Kelman: Google still rules

For Harvard students, Google is the default option for finding even government information.

Last year I asked my 20-something master’s degree students various questions about e-government while I taught a case study on the topic. I taught a similar e-government case study this year, and I can report some things old and some things new.

Steve Kelman This year I asked the students a question that I hadn’t asked earlier: How many times did they use a government Web site in the past year?

The answer: A lot.

Of the U.S. students in the class, all of them reported that they had visited a government Web site at one time or another. About 45 students reported using government Web sites five times or more during the previous year, and three had visited a .gov Web site between one and three times.

Every student in the class who has a student loan filed the application online. Foreign students were considerably less likely to have visited government Web sites, including those in their own country, five times or more. But 11 of them had, and four had visited such a site as many as four times.

But like last year, only about 10 percent of the students knew it was possible to do all three of the following activities online: reserve a campsite at a national park, find out air pollution by ZIP code and comment on an Environmental Protection Agency regulation. In fact, 25 percent thought those kinds of services were not available online.
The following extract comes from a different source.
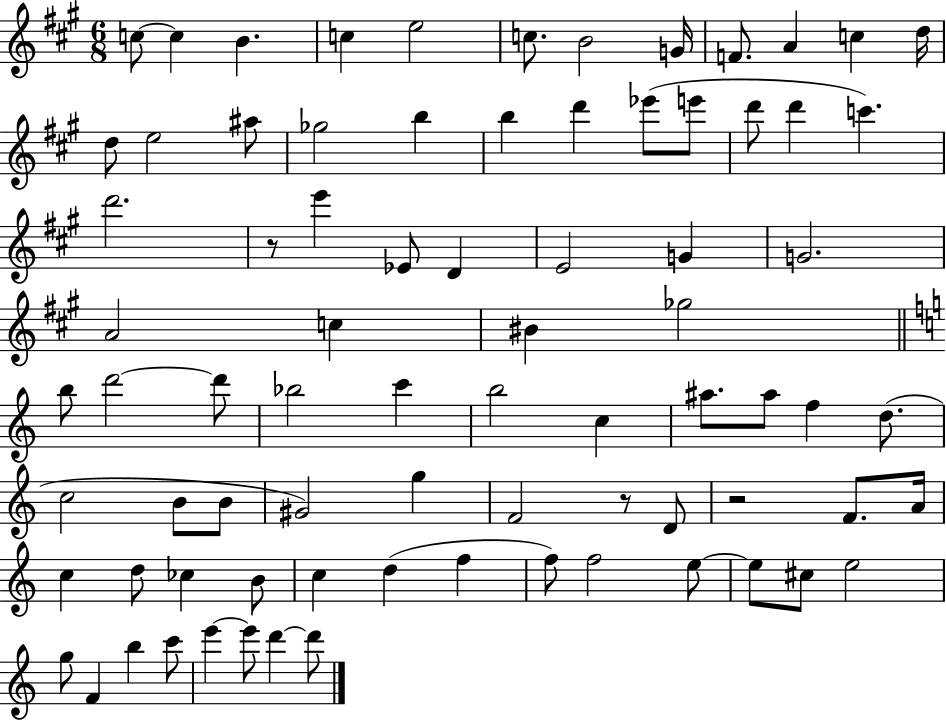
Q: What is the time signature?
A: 6/8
Moreover, FirstGov, the federal government’s Web portal, is sliding even further into oblivion in student consciousness. Only six of 60 students in the class had ever heard of the site. Only one had ever used it, and she is a former federal employee who used it for benefits information.

The only good news for FirstGov is that after I showed the home page — I also showed them the “Pinky” public service ad for FirstGov, featuring the old lady with her poodle — half of the students said they would be likely to use it. The other half still said they’d be unlikely to do so.

As I reported last year, Google rules. No one in the class disagreed when one student said Google is the default option for information. I had asked students before class to search for information on filing a tax return. Ten of them went to the IRS Web site first, but 23 visited Google first. Twenty of those 23 went to IRS.gov from there.

I also asked them to compare Google with Business.gov as a source of information about government regulations for a small-business drycleaner. Ten students said Google was better than the government site. Another 10 said they were about the same. And nobody said Business.gov was better.

One student made the interesting comment that people her age were so accustomed to using Google that they have mastered the rules for navigating it to find the gold they need among hundreds of thousands of hits.

One change of sentiment between results from this year and last is noteworthy. In both years, I asked whether students thought it was acceptable to allow paid advertising from private companies, such as from a rental car firm on a national parks Web site. Last year, most students were opposed. This year, by a 3-to-1 margin, students were in favor. They were more worried about allowing political ads on a Web site — for the National Rifle Association, for example — than commercial ads.